Tasikmalaya,Newshunter307.com — Sengketa pemberhentian seorang perangkat desa di Kabupaten Ciamis kini memasuki babak akhir di meja hukum. Perkara tersebut tengah berproses di Pengadilan Tata Usaha Negara (PTUN) Bandung, menyusul gugatan dari seorang perangkat Desa Sindanghayu, Kecamatan Banjarsari, yang diberhentikan secara tidak hormat oleh kepala desa.
Ahmad Fauzan, S.H., M.H., selaku kuasa hukum penggugat dari Kantor Hukum FTRA & ASSOCIATES, menegaskan bahwa pihaknya saat ini masih menunggu putusan majelis hakim. Ia meyakini bahwa keputusan kepala desa dalam memberhentikan kliennya sarat dengan pelanggaran prosedural dan cacat hukum.
“Semua sudah kami serahkan kepada Majelis Hakim PTUN Bandung. Kami percaya pengadilan memiliki independensi penuh untuk menilai apakah keputusan tersebut sah menurut hukum,” ujarnya kepada wartawan, Senin (17/6/2025).
Pemberhentian Tanpa Prosedur, SK Disebut Cacat Formil dan Materiil
Perkara ini bermula dari Surat Keputusan Kepala Desa Sindanghayu yang memberhentikan penggugat dari jabatannya sebagai Kasi Pelayanan.

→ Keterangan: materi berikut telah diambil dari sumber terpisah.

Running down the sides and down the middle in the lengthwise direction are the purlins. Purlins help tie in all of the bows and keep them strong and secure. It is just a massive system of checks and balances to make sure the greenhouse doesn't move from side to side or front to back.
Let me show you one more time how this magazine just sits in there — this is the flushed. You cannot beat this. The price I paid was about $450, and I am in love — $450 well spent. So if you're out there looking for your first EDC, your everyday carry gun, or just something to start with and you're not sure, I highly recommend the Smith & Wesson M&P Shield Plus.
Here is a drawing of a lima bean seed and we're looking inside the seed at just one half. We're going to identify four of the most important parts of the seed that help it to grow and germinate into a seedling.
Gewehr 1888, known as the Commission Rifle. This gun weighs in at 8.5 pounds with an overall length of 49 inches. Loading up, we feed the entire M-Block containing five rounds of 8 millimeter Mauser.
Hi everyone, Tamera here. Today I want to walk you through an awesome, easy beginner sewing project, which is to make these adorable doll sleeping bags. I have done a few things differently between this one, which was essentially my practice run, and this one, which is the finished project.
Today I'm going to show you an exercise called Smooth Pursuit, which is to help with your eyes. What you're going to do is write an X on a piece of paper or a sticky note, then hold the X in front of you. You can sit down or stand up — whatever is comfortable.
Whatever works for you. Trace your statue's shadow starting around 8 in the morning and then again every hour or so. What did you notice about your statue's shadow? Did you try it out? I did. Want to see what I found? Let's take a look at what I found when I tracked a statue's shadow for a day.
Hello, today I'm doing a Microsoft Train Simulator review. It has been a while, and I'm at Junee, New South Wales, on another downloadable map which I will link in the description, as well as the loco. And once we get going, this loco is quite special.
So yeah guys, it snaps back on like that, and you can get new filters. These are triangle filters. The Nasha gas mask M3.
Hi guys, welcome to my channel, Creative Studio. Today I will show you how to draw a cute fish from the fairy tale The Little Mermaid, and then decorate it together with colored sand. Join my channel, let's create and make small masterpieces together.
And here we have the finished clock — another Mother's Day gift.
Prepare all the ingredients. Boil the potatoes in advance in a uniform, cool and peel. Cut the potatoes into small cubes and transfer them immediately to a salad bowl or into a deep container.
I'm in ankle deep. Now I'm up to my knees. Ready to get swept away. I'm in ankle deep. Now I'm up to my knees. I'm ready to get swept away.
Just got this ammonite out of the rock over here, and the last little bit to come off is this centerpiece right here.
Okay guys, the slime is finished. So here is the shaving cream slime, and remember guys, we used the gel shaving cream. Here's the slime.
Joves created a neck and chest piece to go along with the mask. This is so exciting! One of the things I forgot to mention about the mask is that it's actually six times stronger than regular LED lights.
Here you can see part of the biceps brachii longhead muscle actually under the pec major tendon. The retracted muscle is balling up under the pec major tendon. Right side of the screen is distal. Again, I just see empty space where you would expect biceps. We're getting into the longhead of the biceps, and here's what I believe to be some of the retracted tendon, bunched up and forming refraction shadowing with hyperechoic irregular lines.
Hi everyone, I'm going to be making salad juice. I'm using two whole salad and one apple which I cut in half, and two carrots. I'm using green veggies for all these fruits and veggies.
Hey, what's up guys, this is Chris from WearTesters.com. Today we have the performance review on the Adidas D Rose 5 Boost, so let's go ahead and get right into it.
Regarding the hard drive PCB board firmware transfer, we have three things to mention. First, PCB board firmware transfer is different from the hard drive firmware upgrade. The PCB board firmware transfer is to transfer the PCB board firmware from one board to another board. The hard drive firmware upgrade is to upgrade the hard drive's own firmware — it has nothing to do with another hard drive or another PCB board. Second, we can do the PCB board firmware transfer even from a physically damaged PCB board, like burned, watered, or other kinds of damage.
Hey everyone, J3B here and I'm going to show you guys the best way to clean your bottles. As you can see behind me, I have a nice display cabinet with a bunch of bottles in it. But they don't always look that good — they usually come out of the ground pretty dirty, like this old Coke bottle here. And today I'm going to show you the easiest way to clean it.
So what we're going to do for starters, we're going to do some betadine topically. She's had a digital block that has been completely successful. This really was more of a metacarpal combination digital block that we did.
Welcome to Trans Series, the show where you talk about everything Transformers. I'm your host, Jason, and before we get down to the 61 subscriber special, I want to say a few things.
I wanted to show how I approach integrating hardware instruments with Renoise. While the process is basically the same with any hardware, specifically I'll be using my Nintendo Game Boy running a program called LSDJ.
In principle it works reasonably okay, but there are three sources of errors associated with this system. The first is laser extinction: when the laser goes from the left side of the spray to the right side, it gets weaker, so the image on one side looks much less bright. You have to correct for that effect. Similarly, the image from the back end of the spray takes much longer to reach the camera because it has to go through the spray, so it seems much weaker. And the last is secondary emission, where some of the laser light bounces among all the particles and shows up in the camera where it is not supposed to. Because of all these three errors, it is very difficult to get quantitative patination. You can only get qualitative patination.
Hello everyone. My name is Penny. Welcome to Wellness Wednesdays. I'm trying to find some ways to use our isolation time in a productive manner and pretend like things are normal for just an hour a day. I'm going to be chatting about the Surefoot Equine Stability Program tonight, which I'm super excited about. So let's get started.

Namun, menurut Fauzan, pemberhentian dilakukan tanpa tahapan pembinaan atau pemberian sanksi administratif sebagaimana diatur dalam regulasi.
Tim kuasa hukum juga menyanggah alasan yang dipakai tergugat, yaitu dua somasi yang dilayangkan pada 2021 dan 2024.
Somasi 2021 terkait peristiwa tahun 2020, saat tergugat belum menjabat sebagai kepala desa. Bahkan, saksi dalam perkara tersebut mengaku tidak pernah merasa dirugikan.
Somasi 2024 menyangkut penggunaan sawah bengkok, namun dalam persidangan terungkap bahwa aktivitas tersebut dilakukan berdasarkan kesepakatan antar perangkat desa dan dibuktikan dengan kwitansi resmi.
Fauzan menambahkan bahwa penggugat masih aktif bekerja hingga Desember 2024, menerima penghasilan tetap (Siltap), dan tercatat dalam absensi harian. Padahal SK pemberhentian tertanggal 10 Juli 2024 baru diserahkan pada 6 Desember 2024. Anehnya lagi, dalam petikan SK tersebut tertulis “pengangkatan” bukan “pemberhentian”, yang menurutnya menjadi bukti ketidaktertiban administrasi pihak tergugat.
Langgar Perbup dan UU Desa, Tanpa Persetujuan Bupati
Menurut Fauzan, pemberhentian secara tidak hormat itu melanggar Pasal 24 Peraturan Bupati Ciamis Nomor 74 Tahun 2023, yang mewajibkan proses pembinaan dan sanksi administratif sebelum keputusan pemberhentian dijatuhkan. Selain itu, tindakan kepala desa juga bertentangan dengan Undang-Undang Nomor 3 Tahun 2024 tentang perubahan atas UU Desa, yang menjamin perlindungan hukum bagi perangkat desa.
Tak hanya itu, Surat Kementerian Dalam Negeri Nomor 100.3.5.5/3318/BPD turut mempertegas bahwa pemberhentian perangkat desa tidak bisa dilakukan secara sepihak dan harus mendapat persetujuan dari bupati/wali kota.
Namun dalam kasus ini, Bupati Ciamis disebut menolak menerbitkan surat persetujuan pemberhentian berdasarkan Surat Nomor 141.3/Kpts.04/Ds./2024, lantaran kepala desa sudah lebih dulu menerbitkan SK tanpa menunggu mekanisme persetujuan sebagaimana mestinya.
“Ini membuktikan bahwa keputusan tergugat cacat prosedur. Kepala desa tidak boleh bertindak sepihak. Ada hukum yang harus ditaati. Ini negara hukum,” tegas Fauzan.
Kini, publik dan pihak terkait tinggal menunggu putusan PTUN Bandung untuk menentukan apakah pemberhentian ini akan dibatalkan atau tetap dinyatakan sah secara hukum.